┌─ SOURCE INFORMATION

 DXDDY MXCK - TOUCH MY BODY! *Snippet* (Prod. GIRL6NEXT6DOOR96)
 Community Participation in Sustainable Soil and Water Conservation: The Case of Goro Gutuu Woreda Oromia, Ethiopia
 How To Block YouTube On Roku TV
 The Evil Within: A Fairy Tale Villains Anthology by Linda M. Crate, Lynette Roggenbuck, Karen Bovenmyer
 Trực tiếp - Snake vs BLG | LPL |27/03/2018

└─
┌─ SOURCE INFORMATION

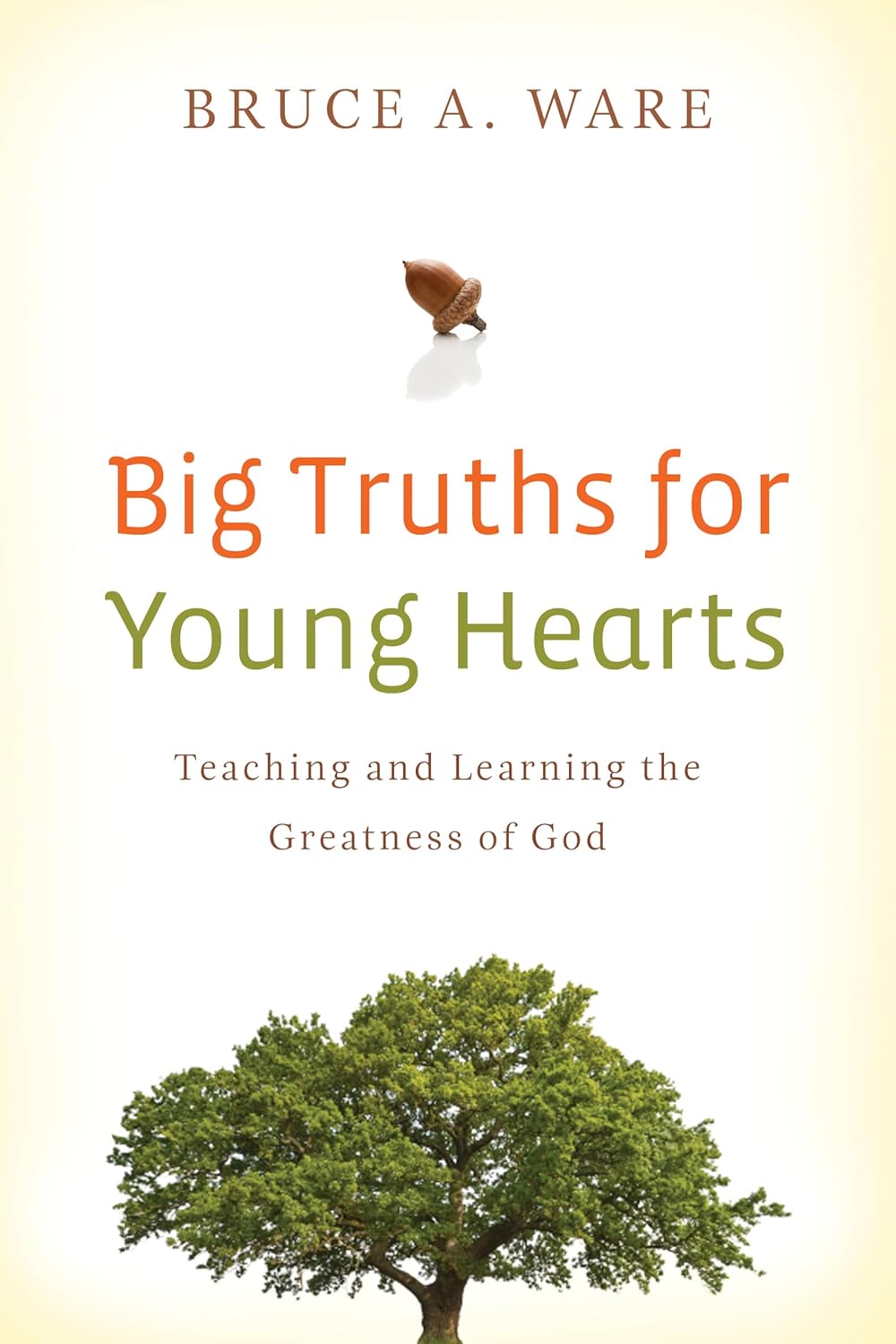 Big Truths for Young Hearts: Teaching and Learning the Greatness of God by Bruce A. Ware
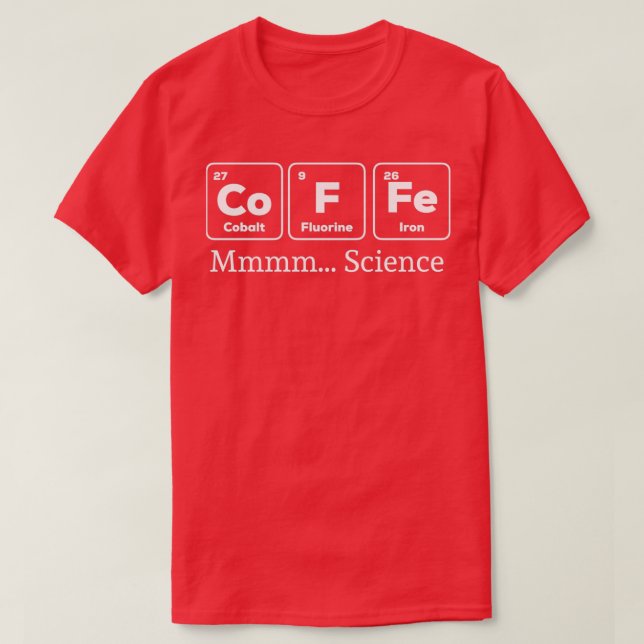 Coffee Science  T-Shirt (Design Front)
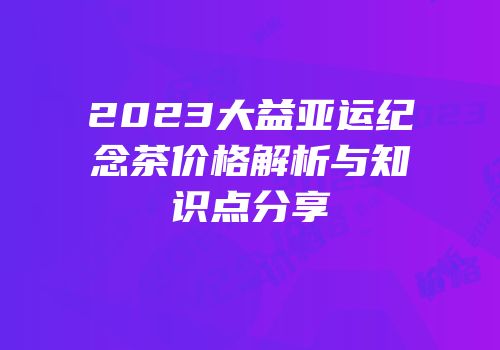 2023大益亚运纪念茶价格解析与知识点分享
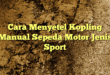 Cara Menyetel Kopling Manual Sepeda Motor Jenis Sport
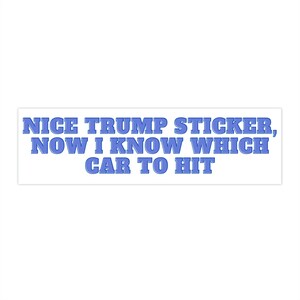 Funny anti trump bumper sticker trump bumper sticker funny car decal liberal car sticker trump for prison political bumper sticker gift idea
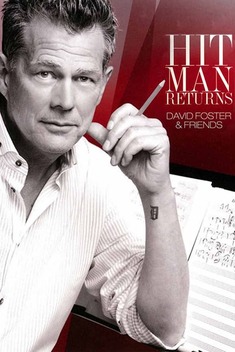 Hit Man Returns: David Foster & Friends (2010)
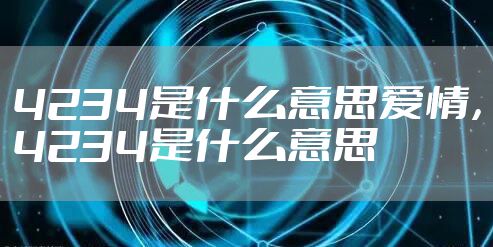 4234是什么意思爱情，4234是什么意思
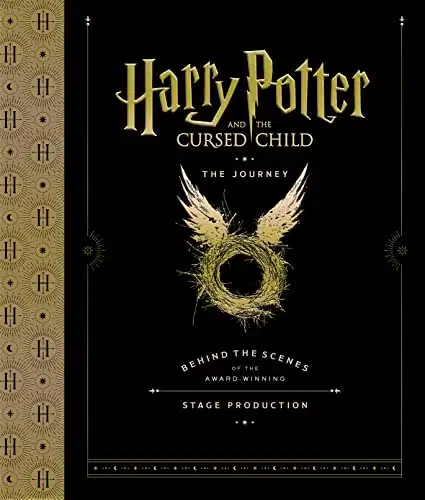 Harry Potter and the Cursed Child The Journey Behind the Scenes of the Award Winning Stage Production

└─
┌─ SOURCE INFORMATION

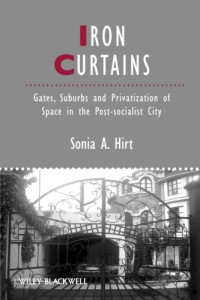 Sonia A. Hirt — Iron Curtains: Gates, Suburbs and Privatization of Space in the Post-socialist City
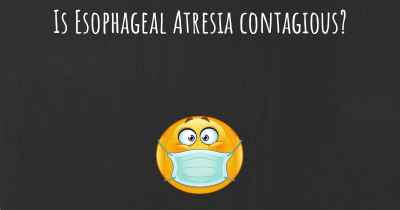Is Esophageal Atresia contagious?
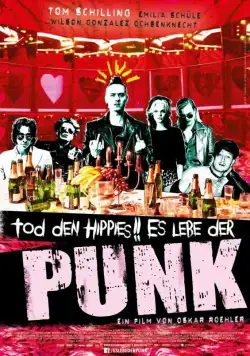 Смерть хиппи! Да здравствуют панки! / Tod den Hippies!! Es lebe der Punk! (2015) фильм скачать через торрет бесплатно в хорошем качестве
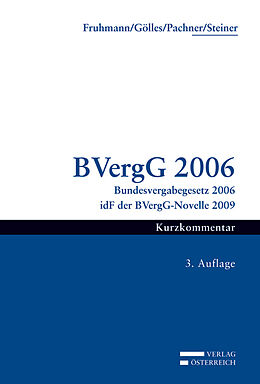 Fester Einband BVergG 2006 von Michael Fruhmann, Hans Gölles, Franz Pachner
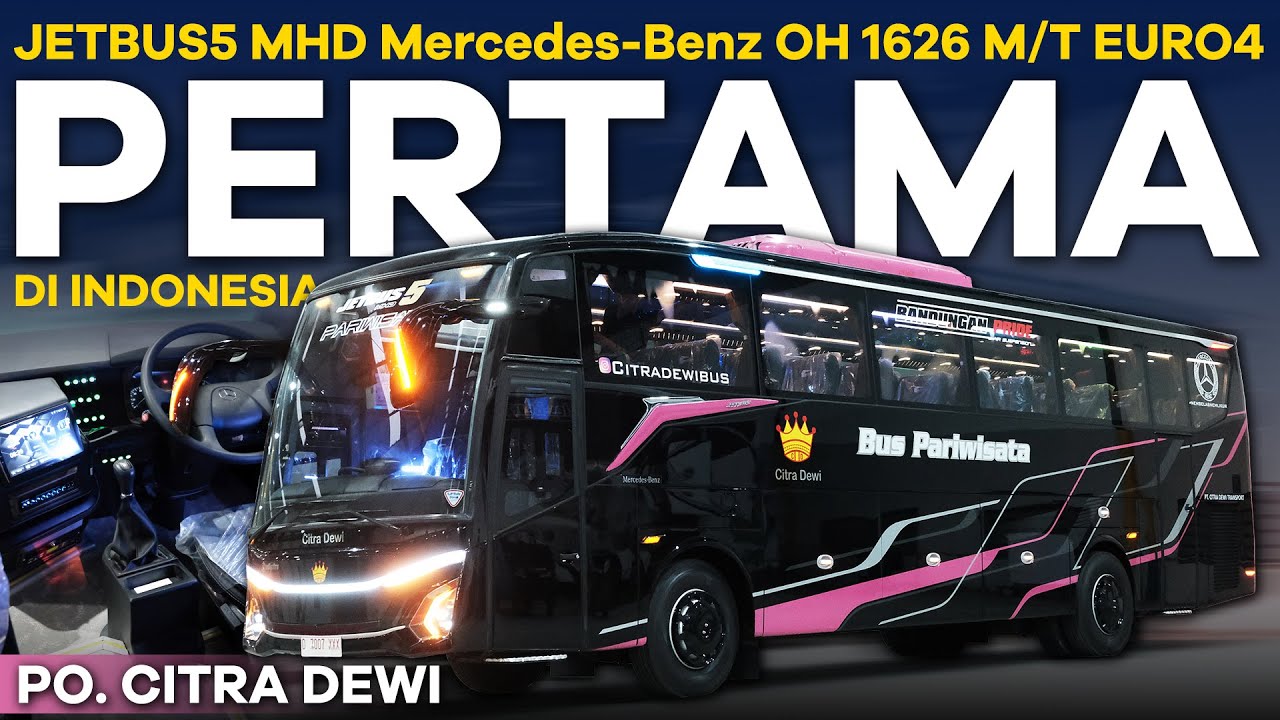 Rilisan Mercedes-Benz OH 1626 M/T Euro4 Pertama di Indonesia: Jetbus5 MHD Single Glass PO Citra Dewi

└─

BRIEF: With the first line being the one containing "DXDDY MXCK - TOUCH" and the last line the one containing "Trực tiếp - Snake vs BLG | LPL |27/03/2018", transcribe exactly the lines above that fall in that range.

ANSWER TO THIS PROBLEM:
 DXDDY MXCK - TOUCH MY BODY! *Snippet* (Prod. GIRL6NEXT6DOOR96)
 Community Participation in Sustainable Soil and Water Conservation: The Case of Goro Gutuu Woreda Oromia, Ethiopia
 How To Block YouTube On Roku TV
 The Evil Within: A Fairy Tale Villains Anthology by Linda M. Crate, Lynette Roggenbuck, Karen Bovenmyer
 Trực tiếp - Snake vs BLG | LPL |27/03/2018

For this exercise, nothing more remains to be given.